§ Brief descriptive captions:
━━━━

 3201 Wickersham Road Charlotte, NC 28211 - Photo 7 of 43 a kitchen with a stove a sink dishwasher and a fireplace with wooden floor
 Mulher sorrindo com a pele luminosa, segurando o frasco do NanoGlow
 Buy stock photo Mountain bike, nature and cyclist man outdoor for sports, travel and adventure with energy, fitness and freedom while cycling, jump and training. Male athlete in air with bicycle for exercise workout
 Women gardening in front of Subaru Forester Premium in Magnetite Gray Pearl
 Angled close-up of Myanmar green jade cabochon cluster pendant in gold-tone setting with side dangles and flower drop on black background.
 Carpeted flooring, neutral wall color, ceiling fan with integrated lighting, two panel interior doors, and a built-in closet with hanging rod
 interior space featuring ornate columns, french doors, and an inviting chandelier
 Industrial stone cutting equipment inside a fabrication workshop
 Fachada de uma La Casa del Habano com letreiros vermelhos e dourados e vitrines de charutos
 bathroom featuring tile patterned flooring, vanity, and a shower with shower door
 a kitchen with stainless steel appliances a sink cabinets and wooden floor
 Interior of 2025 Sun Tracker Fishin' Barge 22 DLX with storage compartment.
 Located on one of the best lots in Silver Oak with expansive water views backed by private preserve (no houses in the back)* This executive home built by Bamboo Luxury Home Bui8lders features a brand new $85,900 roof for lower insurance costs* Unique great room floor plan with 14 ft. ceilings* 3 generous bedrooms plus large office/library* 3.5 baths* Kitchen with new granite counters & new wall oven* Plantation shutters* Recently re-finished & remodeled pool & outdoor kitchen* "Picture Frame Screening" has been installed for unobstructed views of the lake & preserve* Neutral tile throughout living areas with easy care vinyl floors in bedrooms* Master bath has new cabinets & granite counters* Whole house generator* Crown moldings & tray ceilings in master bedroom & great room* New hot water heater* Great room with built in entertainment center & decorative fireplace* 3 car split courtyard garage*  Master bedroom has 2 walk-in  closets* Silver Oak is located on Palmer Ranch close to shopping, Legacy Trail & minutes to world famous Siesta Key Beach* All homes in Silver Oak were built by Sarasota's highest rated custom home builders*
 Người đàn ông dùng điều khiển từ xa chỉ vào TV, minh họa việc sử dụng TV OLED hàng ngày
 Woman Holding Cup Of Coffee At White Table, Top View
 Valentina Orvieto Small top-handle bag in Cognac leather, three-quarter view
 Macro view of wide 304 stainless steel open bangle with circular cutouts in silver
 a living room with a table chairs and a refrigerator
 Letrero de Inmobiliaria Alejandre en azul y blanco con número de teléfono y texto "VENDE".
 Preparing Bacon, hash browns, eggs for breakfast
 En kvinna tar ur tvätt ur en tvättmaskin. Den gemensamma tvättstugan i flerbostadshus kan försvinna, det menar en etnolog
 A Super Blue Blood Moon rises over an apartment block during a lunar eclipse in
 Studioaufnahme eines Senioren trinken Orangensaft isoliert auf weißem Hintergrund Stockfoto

━━━━

§ WHAT IS BEING ASKED: Which lines above contain "featuring"? Show each of them.

§ SOLUTION TO THE PROBLEM:
 interior space featuring ornate columns, french doors, and an inviting chandelier
 bathroom featuring tile patterned flooring, vanity, and a shower with shower door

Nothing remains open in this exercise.